Data follows below. Repeat exactly the lines between the line holding "2024 Nissan Altima 2.5 SV photo 1" and the line holding "Autobahn Luftaufnahme", inclusive, and nothing more; drop pictures.

- **STORED DATA**
# # # # #

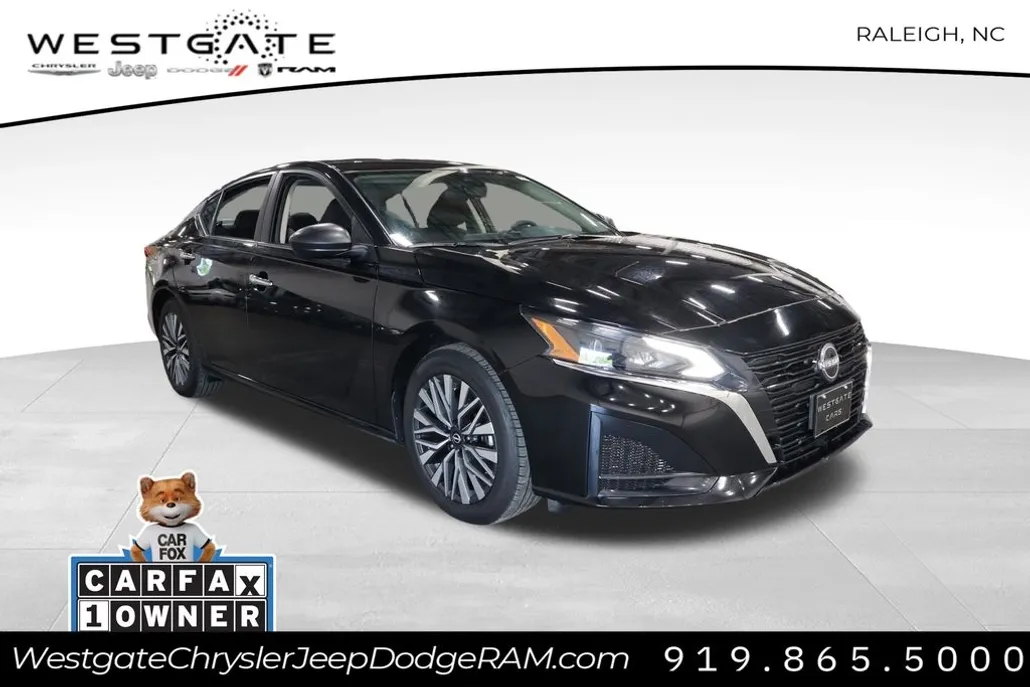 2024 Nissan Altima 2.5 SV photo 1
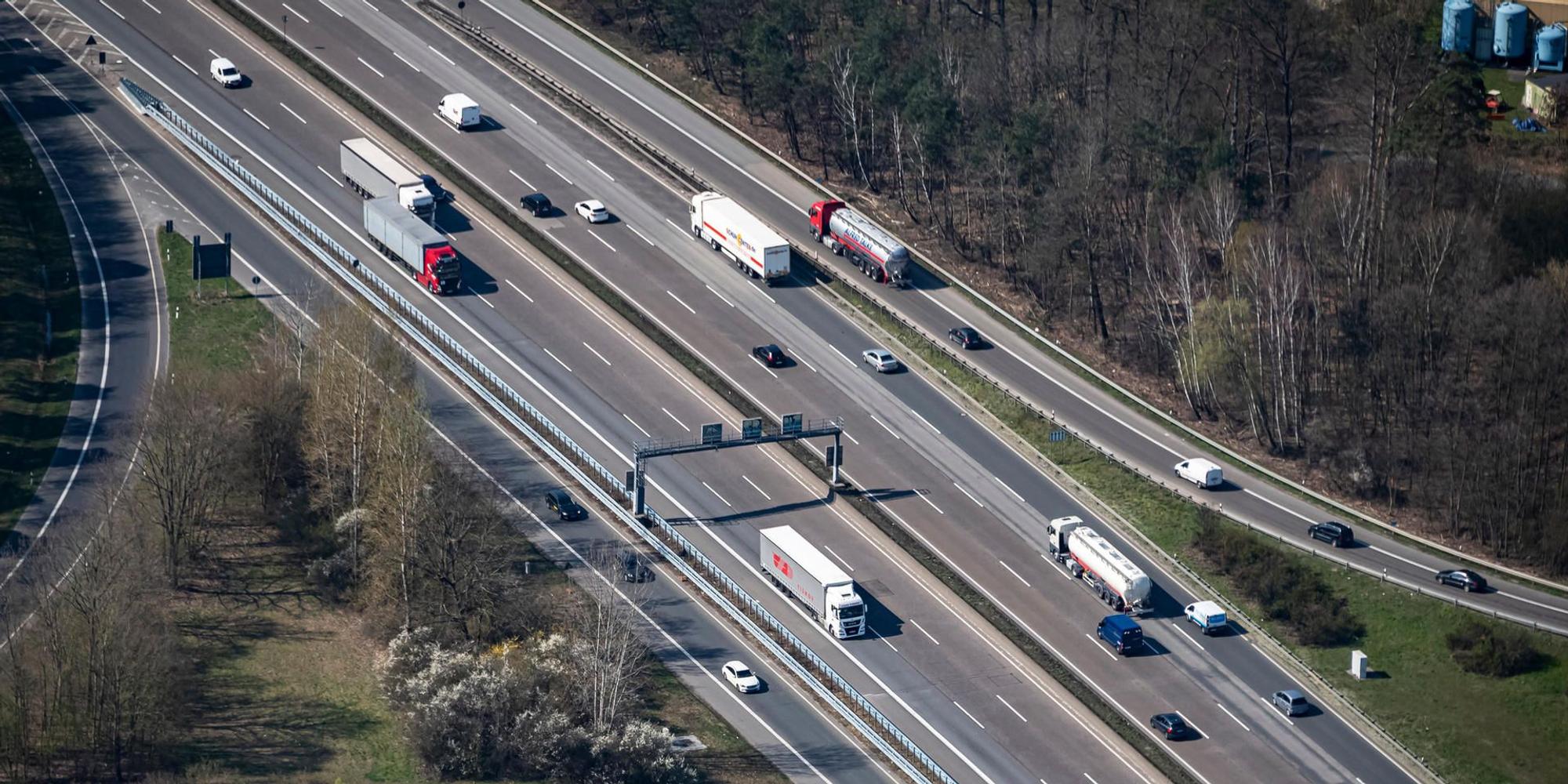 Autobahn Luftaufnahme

# # # # #

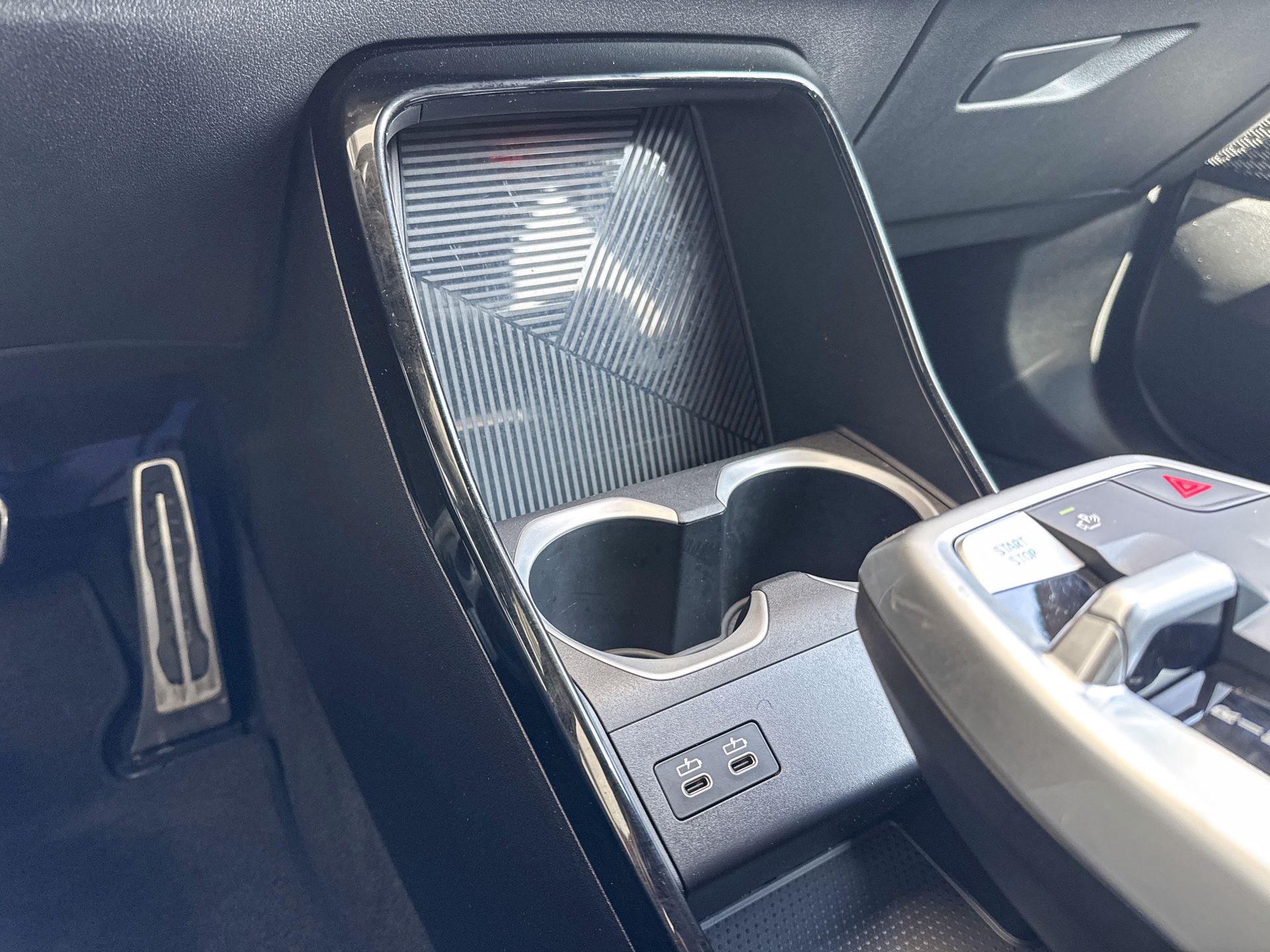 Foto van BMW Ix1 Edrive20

# # # # #

- **RESPONSE TO THE EXERCISE**
 2024 Nissan Altima 2.5 SV photo 1
 Autobahn Luftaufnahme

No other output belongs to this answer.